Every record must be restated exactly. Drop the images.

Stored data:
= Beginning of Section =
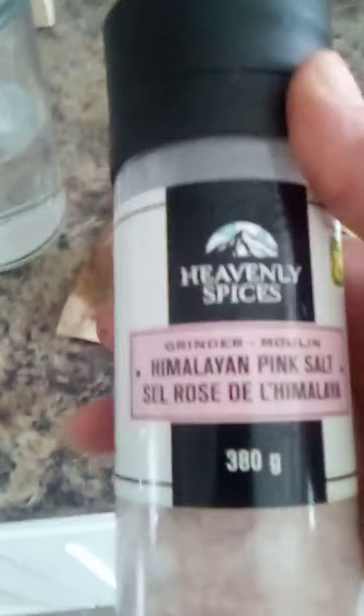Let's get some salt — some nice salt. It comes out so quick. Let's see what it looks like inside.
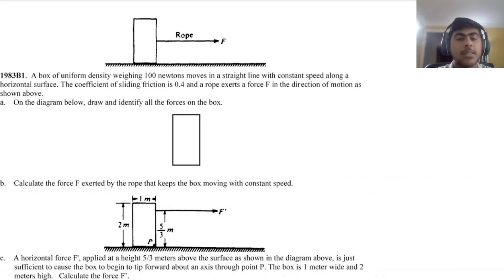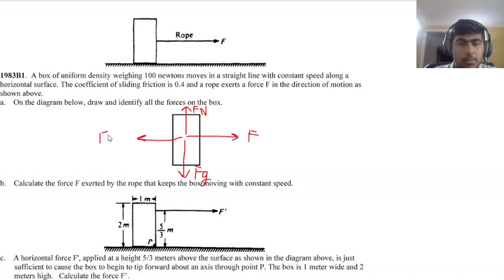FRQ 1: a box of uniform density weighing 100 N moves at constant speed along a horizontal surface with a coefficient of sliding friction of 0.4. Part A — draw and identify all forces on the box: gravitational force (FG) downward, normal force upward, applied force F from the rope in the direction of motion, and the force of sliding friction opposing motion.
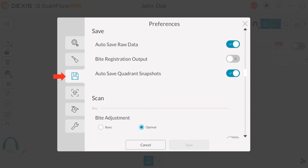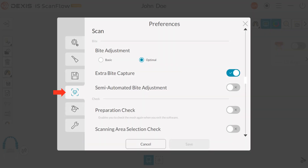Under the Save tab: Auto Save Quadrant Snapshots — toggle on or off. Enabling this feature automatically saves quadrant snapshots in JPEG format for every scan period. Under the Scan tab: toggle Extra Bite Capture on or off — enable it if there are cases in which more than one bite registration is required. Examples could be protrusive, centric relation, or open bite.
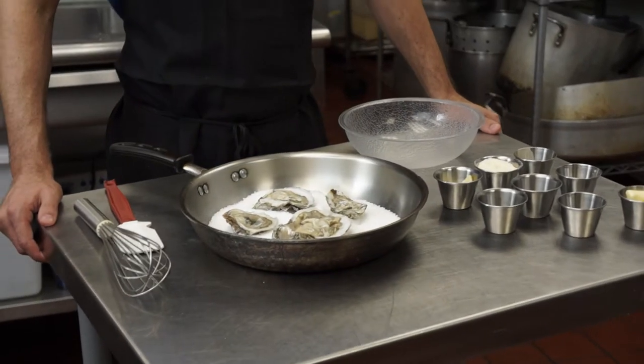Today we're going to learn how to char broil an oyster. This is one of the easiest preparations you'll ever see. The hardest part is just getting the top off the oyster — if you need those instructions, check out our other video on how to shuck an oyster.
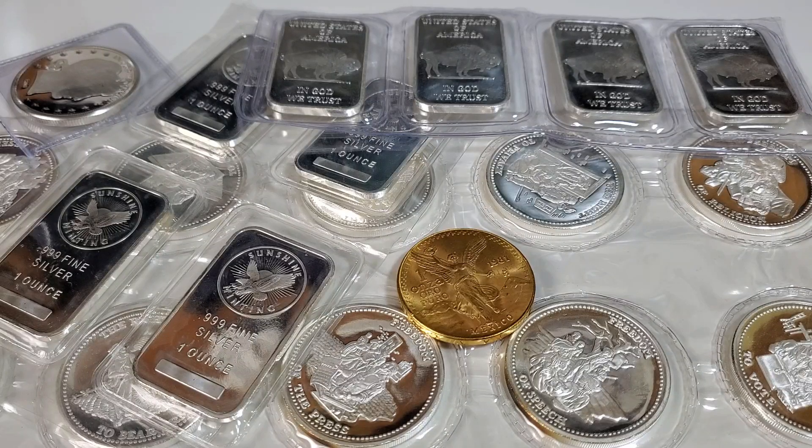Hello everyone, Silverstruck here. Welcome to the Silverstruck channel. I hope you're all doing well. Thank you for being here.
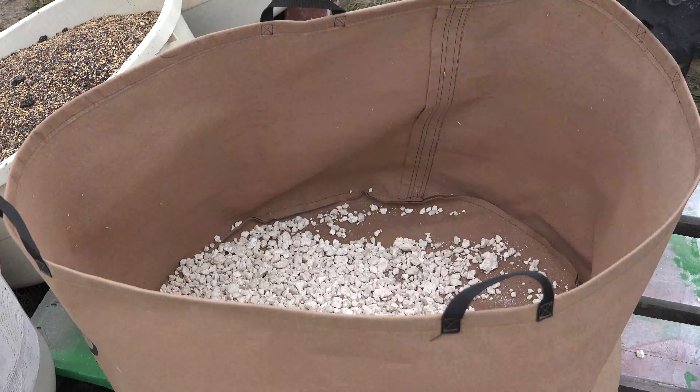Today we're going to grow sweet potatoes, and in a 45-gallon bag you can get two and maybe even three sweet potato plants, and you're going to expect a beautiful harvest.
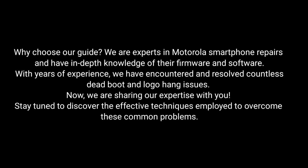Why choose our guide? We are experts in Motorola smartphone repairs and have in-depth knowledge of their firmware and software. With years of experience, we've encountered and resolved countless dead boot and logo hang issues. Now we are sharing our expertise with you. Stay tuned to discover the effective techniques employed to overcome these common problems.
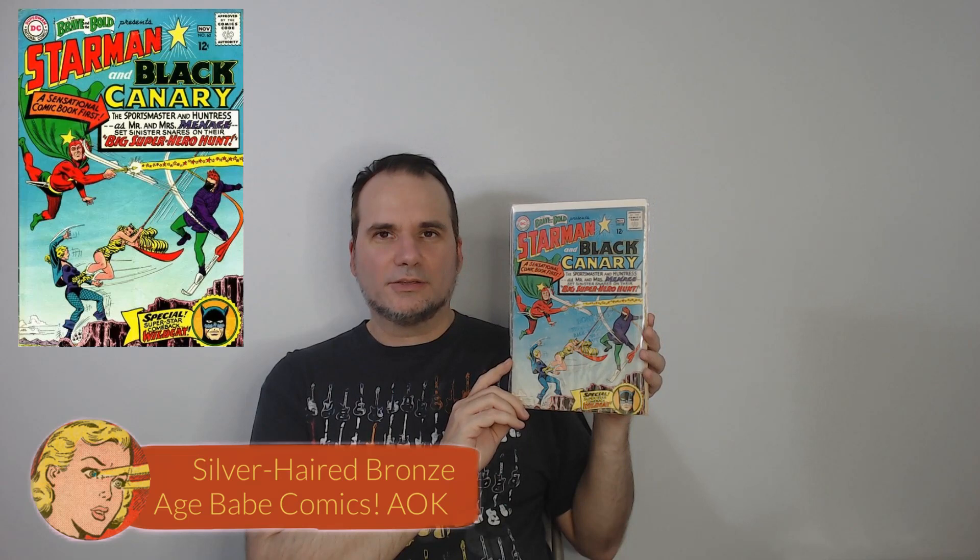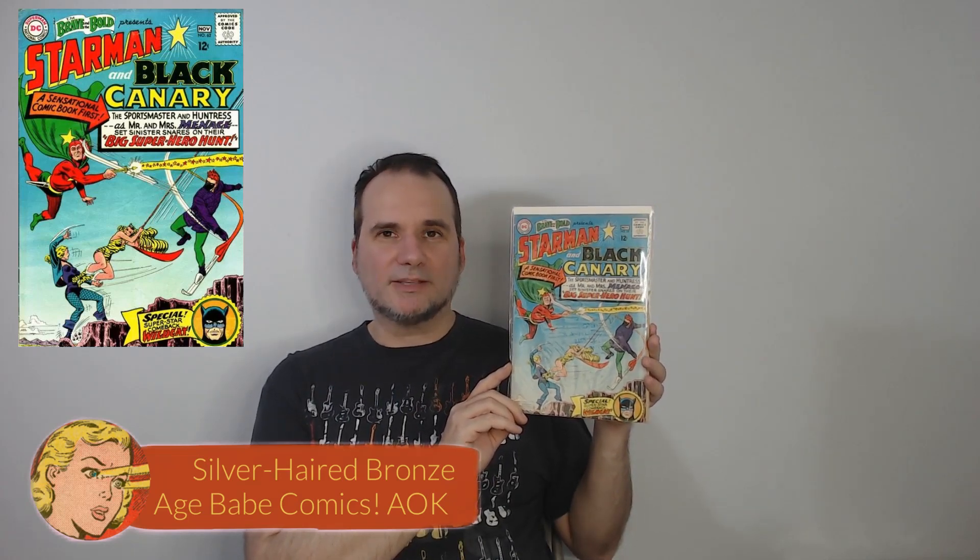1965 was the year this comic book came out. Gardner Fox and Murphy Anderson were the creative team — the original creative team behind the Justice League of America. This is perfect for my Black Canary collection. I also love that it's Sportsmaster and the original Huntress that Starman and Black Canary are taking on. I love the original Huntress — great characters. They were used in the Stargirl TV show too, which I thoroughly enjoyed. It has a Wildcat story also included. A lot of people forget that in some of the earlier Brave and the Bold, Batman wasn't the permanent star — it became a Batman team-up book shortly after this issue.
= End of Section =
> WRITTEN RESPONSE:
Let's get some salt — some nice salt. It comes out so quick. Let's see what it looks like inside.
FRQ 1: a box of uniform density weighing 100 N moves at constant speed along a horizontal surface with a coefficient of sliding friction of 0.4. Part A — draw and identify all forces on the box: gravitational force (FG) downward, normal force upward, applied force F from the rope in the direction of motion, and the force of sliding friction opposing motion.
Under the Save tab: Auto Save Quadrant Snapshots — toggle on or off. Enabling this feature automatically saves quadrant snapshots in JPEG format for every scan period. Under the Scan tab: toggle Extra Bite Capture on or off — enable it if there are cases in which more than one bite registration is required. Examples could be protrusive, centric relation, or open bite.
Today we're going to learn how to char broil an oyster. This is one of the easiest preparations you'll ever see. The hardest part is just getting the top off the oyster — if you need those instructions, check out our other video on how to shuck an oyster.
Hello everyone, Silverstruck here. Welcome to the Silverstruck channel. I hope you're all doing well. Thank you for being here.
Today we're going to grow sweet potatoes, and in a 45-gallon bag you can get two and maybe even three sweet potato plants, and you're going to expect a beautiful harvest.
Why choose our guide? We are experts in Motorola smartphone repairs and have in-depth knowledge of their firmware and software. With years of experience, we've encountered and resolved countless dead boot and logo hang issues. Now we are sharing our expertise with you. Stay tuned to discover the effective techniques employed to overcome these common problems.
1965 was the year this comic book came out. Gardner Fox and Murphy Anderson were the creative team — the original creative team behind the Justice League of America. This is perfect for my Black Canary collection. I also love that it's Sportsmaster and the original Huntress that Starman and Black Canary are taking on. I love the original Huntress — great characters. They were used in the Stargirl TV show too, which I thoroughly enjoyed. It has a Wildcat story also included. A lot of people forget that in some of the earlier Brave and the Bold, Batman wasn't the permanent star — it became a Batman team-up book shortly after this issue.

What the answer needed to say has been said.